Para finalizar, concluímos que para uma leitura aspetual adequada é necessário ter-se em conta os diversos fatores linguísticos, nomeadamente: morfológicos (afixos verbais); sintáticos (argumento interno, argumento externo, sintagmas preposicionais adjuntos…) e semânticos (tipo de predicação, natureza semântica dos nomes, adverbiais, quantificadores…); em suma, a aspetualidade é Composicional.

Notas

7. Lyons afirma que o termo Aspeto é convencionalmente aceite por linguistas, embora pouco satisfatoriamente, como a oposição entre o perfetivo e o imperfetivo nas línguas eslavas. No entanto, o autor

51

apresenta uma série de oposições como as baseadas nas noções de duração, nomeadamente: instantaneidade, frequência, iniciação, completude e outras (cf. 1977:703-709)

8. As formas participiais dos verbos inergativos não podem ocorrer em posição predicativa. Para mais informações veja Duarte (2003:301).
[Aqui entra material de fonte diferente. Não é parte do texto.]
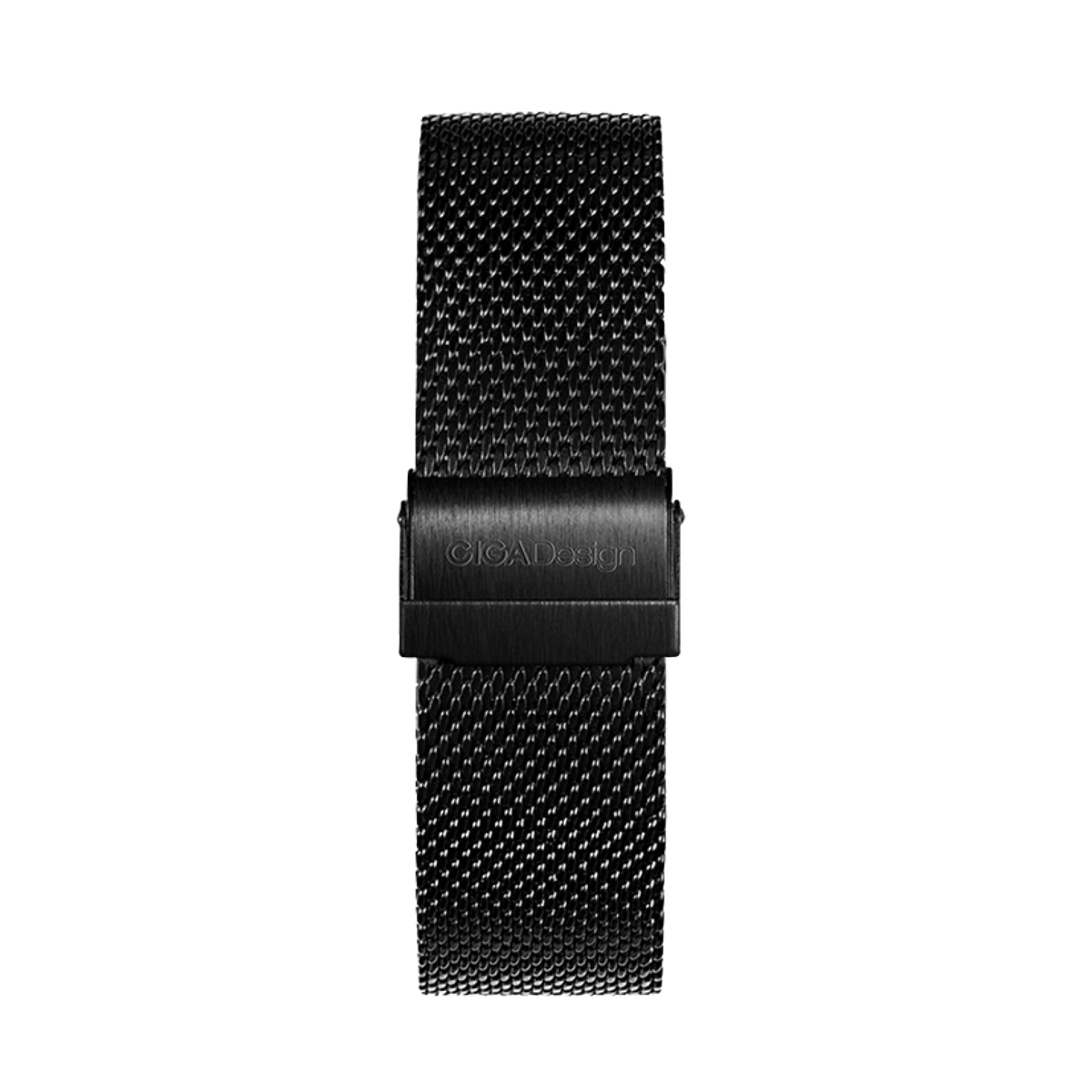CIGA design Milanese stainless steel quick-release strap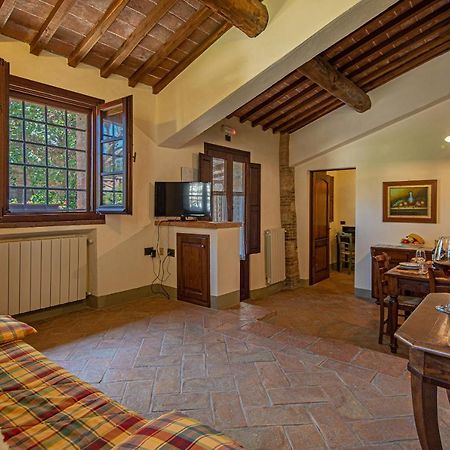 Agriturismo Casavaiano Gambassi Terme Exterior foto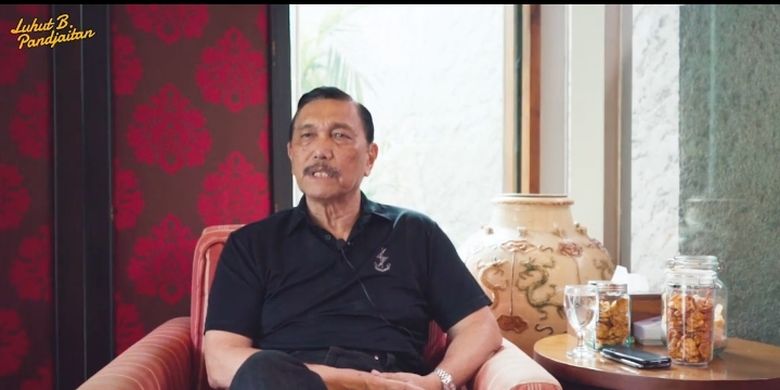 Luhut Sebut Boleh Kritik Pemerintah Asal Pakai Data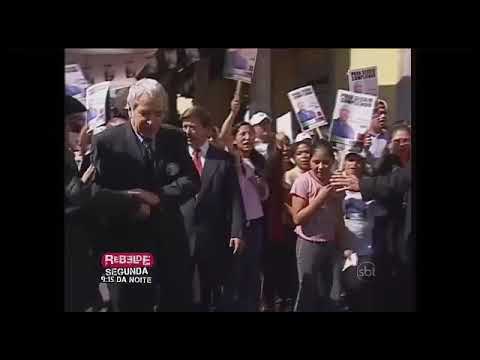 chamada de Rebelde 2019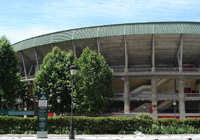 Pamplona Stadium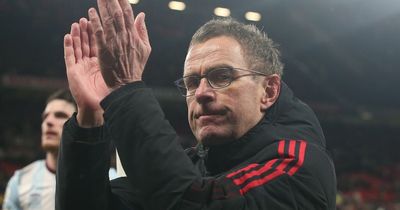 Man Utd's win over West Ham boosts Ralf Rangnick's hopes of bumper bonus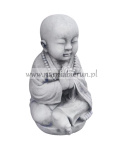 Figurka ogrodowa betonowa BUDDA H40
9. Veja-se Cunha (2004:72)

10. Cunha (2004:87) encara o conceito de faseabilidade como uma propriedade “graduável”. Considerou as seguintes frases:

(i)?/* O Rui está a ser famoso/ começou a ser famoso/? Sê famoso! (ii)? A Ana está a ser rica/ começou a ser rica/?? Sê rica!

Para Cunha estas frases representam estativos que se posicionam num ponto intermédio de uma escala que percorre diversos “níveis” ou “graus”, desde o “patamar” claramente [+faseável] até inequivocamente [- faseável].

11. De acordo com Cunha (1998:447/462), operadores aspetuais são elementos linguísticos cuja principal função é a de alterar a “perspetivação” ou a “focalização” das situações, manifestando, portanto, consequências muito relevantes ao nível da classificação aspetual das expressões com que se combinam”.